Exercise material:

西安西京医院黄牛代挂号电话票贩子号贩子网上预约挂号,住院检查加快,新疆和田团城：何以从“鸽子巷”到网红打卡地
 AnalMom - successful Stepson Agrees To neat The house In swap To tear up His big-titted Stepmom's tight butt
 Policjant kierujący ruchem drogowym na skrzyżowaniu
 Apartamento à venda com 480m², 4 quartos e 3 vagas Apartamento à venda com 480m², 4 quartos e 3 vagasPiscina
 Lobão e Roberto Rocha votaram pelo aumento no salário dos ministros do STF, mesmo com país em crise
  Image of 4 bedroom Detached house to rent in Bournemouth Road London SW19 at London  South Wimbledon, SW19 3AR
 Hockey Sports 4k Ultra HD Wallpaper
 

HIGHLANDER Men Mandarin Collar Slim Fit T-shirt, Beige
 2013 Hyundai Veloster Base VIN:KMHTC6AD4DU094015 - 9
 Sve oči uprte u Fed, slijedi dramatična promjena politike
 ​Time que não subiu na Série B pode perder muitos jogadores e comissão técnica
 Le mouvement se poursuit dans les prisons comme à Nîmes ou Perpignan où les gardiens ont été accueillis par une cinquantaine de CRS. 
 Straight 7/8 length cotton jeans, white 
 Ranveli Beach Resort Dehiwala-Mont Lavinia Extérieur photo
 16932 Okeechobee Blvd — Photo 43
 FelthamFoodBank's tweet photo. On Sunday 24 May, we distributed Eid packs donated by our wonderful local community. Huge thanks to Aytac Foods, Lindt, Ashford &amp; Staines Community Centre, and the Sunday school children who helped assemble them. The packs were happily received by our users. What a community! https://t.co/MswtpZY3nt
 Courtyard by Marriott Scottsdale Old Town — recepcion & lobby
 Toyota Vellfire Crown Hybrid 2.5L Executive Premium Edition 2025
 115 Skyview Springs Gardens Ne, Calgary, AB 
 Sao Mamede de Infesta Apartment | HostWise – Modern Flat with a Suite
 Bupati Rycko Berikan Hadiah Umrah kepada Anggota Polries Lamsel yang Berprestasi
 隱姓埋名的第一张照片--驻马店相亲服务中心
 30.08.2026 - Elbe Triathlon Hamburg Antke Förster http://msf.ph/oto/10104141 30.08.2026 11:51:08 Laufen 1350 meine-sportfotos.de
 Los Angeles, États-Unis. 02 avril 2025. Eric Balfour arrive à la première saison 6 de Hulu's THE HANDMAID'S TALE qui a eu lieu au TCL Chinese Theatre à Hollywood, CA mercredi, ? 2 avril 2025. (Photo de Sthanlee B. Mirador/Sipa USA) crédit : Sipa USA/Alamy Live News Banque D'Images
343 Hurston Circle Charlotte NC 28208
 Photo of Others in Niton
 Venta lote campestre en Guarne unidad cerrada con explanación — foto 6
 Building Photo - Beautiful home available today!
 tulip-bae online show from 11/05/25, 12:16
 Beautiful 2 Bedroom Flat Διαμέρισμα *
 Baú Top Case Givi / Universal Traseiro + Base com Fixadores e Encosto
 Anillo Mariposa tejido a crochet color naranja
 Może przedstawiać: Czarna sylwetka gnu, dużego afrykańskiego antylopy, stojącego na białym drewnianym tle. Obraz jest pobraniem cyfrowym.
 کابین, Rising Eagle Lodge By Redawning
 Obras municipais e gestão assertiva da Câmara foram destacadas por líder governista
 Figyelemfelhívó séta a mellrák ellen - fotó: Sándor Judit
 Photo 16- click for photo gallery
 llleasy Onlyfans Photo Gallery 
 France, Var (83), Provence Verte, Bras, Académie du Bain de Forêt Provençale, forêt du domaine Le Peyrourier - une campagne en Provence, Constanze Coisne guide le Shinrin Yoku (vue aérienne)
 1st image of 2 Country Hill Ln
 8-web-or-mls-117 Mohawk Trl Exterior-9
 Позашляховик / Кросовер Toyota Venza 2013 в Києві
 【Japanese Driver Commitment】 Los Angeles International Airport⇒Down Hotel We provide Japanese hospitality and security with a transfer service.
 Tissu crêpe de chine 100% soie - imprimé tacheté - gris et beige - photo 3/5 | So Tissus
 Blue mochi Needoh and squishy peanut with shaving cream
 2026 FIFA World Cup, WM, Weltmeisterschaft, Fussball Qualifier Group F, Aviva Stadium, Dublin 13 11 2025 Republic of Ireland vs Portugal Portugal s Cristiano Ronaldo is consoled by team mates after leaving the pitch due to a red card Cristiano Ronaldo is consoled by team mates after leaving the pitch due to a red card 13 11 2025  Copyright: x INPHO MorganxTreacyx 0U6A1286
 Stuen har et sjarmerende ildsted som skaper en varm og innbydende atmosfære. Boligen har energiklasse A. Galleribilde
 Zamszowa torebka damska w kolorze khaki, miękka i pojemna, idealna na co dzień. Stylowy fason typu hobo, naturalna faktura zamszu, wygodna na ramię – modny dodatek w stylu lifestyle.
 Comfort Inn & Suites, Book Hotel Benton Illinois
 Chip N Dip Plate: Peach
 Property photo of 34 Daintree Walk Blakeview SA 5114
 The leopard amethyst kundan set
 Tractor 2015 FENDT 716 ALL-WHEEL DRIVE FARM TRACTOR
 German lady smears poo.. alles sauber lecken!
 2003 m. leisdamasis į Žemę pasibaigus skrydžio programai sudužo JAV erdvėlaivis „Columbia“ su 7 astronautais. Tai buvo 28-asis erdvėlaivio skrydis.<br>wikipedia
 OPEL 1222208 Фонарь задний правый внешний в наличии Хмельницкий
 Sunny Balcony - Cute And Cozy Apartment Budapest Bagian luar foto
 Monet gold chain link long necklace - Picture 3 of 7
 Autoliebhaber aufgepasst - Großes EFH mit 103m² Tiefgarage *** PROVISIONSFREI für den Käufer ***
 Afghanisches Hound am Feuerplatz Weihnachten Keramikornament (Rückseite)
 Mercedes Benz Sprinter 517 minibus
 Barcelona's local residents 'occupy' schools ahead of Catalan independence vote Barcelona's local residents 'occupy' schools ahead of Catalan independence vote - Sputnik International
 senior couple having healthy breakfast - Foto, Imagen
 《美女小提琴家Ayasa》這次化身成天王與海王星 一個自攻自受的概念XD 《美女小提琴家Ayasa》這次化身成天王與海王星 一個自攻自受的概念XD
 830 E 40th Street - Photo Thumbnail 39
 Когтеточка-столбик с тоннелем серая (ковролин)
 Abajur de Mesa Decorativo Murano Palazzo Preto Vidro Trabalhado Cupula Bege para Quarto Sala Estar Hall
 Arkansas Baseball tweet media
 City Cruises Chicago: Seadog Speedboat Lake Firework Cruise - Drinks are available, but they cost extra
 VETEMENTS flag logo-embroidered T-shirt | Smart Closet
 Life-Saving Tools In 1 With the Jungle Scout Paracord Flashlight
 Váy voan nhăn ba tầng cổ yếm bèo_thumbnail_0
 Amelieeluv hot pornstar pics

Aim of the exercise:
The response must contain exactly the lines from the one with "Life-Saving Tools In" to the end of the entries above, both included, and nothing more.

Your solution:
 Life-Saving Tools In 1 With the Jungle Scout Paracord Flashlight
 Váy voan nhăn ba tầng cổ yếm bèo_thumbnail_0
 Amelieeluv hot pornstar pics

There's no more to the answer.